This morning I began reading Ryle's long chapter (in Holiness) on assurance. At the outset he makes this comment:
"If I am not greatly mistaken, there is a very close connection between true holiness and assurance. Before I close this paper, I hope to show my readers the nature of that connection. At present, I content myself with saying that where there is the most holiness, there is generally the most assurance."
I don't know how Ryle will support this statement in the end, but I know how I would support it had I written this chapter. I would attempt to show that holiness is not an end in itself, but rather that growth in holiness is roughly equivalent to an increased vision of God (e.g., Mat. 5:8; Heb. 12:10, 14; 1 John 3:1-3).
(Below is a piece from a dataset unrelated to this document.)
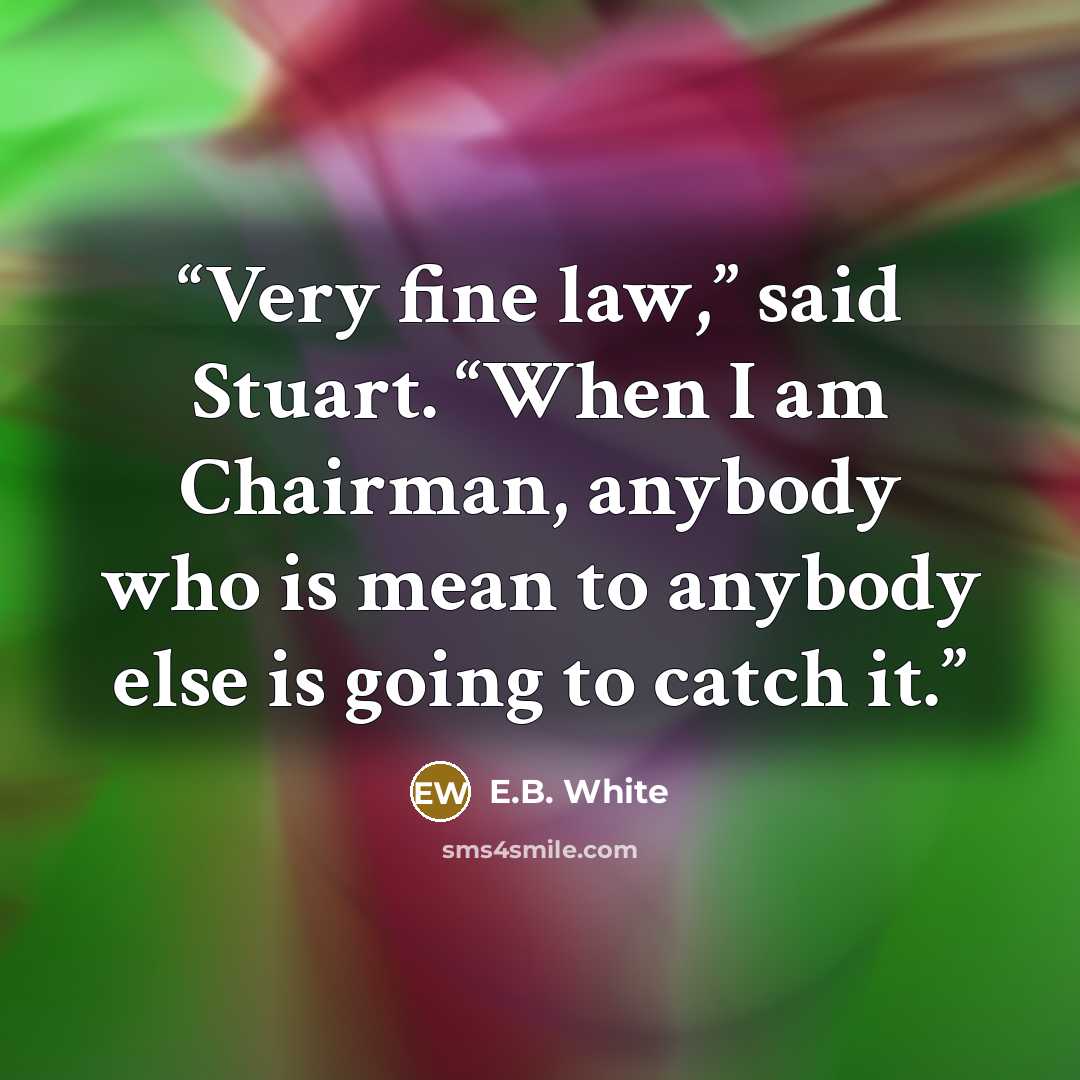 “Very fine law,” said Stuart. “When I am Chairman, anybody who is mean to anybody else is going to catch it.” quote by E.B. White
To put it another way, I would attempt to show that the purpose of holiness is communion with God.
The root of assurance is that I know him--not just that I know facts about what he's done for me and what he's promised me, as important as these things are. But rather that I know him and commune with him and learn of him and receive from him every day of my life. I'm sure that I will be shocked beyond words when I actually see my Lord and Savior. I'm sure that he will be more glorious than I've ever imagined. I'm sure that what he has prepared for those who love him will take my breath away and be so far beyond anything I've ever seen or heard or imagined.
However, in that day I will not meet a stranger. I will meet my Father with whom I have been walking in Christ for more than 21 years now.
Holiness leads to assurance because holiness is the path to communion with God. That's how I would argue the case. I look forward to seeing how Pastor Ryle argues it.